• [Exercise objective] Within the listing that follows, reproduce exactly the lines starting at the line with "붉은 비에 포함된 입자의 광학 현미경 사진" and ending at the line with "Common Causes of Swollen Feet", inclusive, and only those. Pictures are dropped.

• [Data for this exercise]
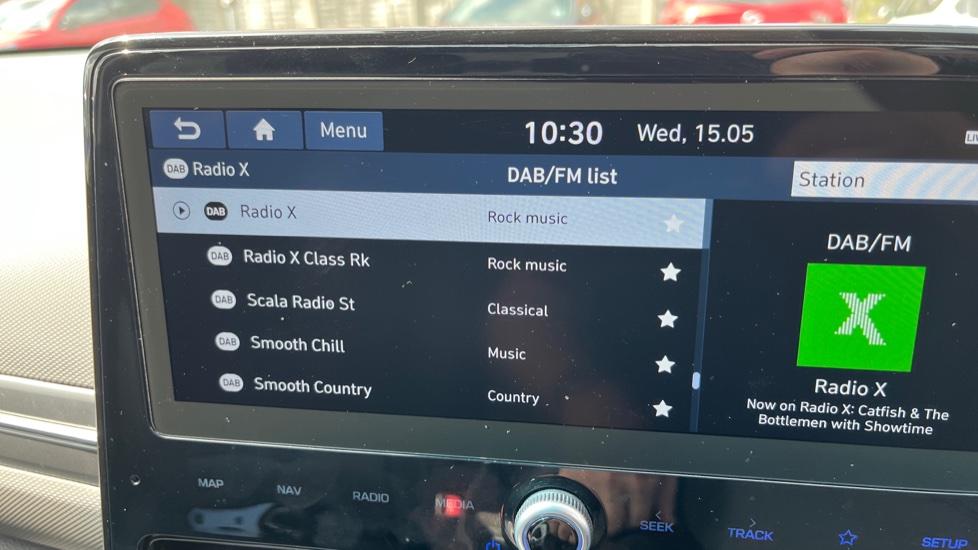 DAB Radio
==
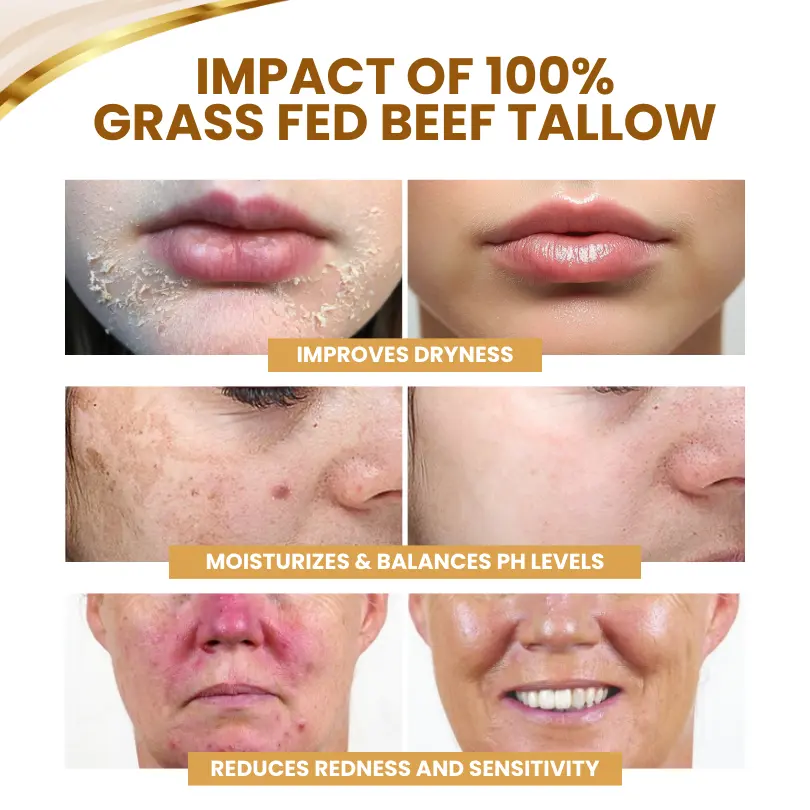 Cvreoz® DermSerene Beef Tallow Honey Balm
--
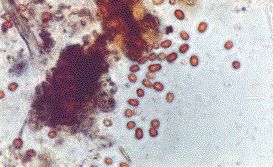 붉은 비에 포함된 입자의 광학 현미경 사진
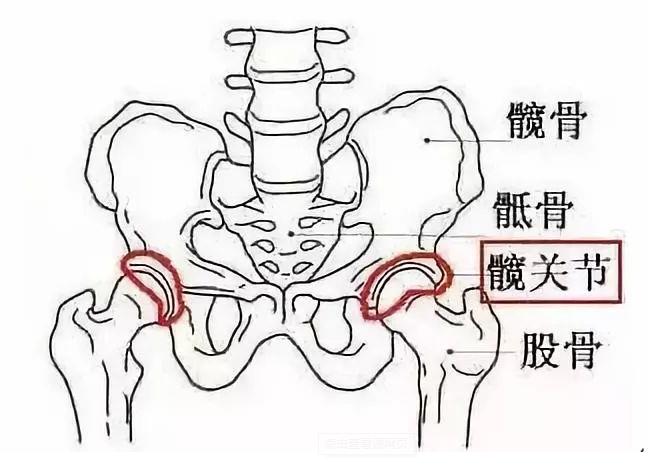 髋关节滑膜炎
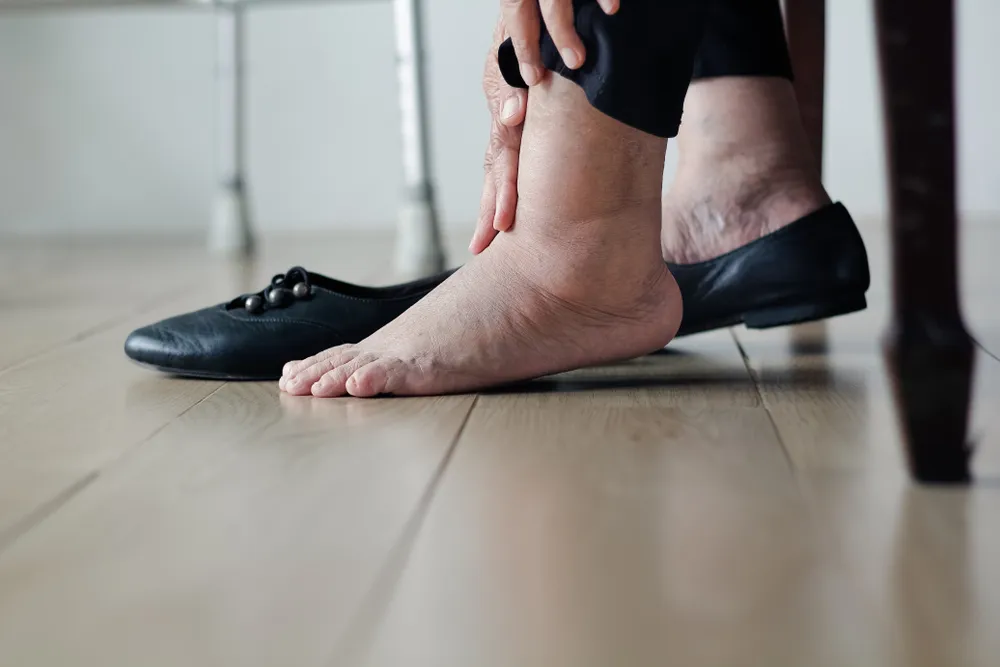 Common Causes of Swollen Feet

• [Written solution]
 붉은 비에 포함된 입자의 광학 현미경 사진
 髋关节滑膜炎
 Common Causes of Swollen Feet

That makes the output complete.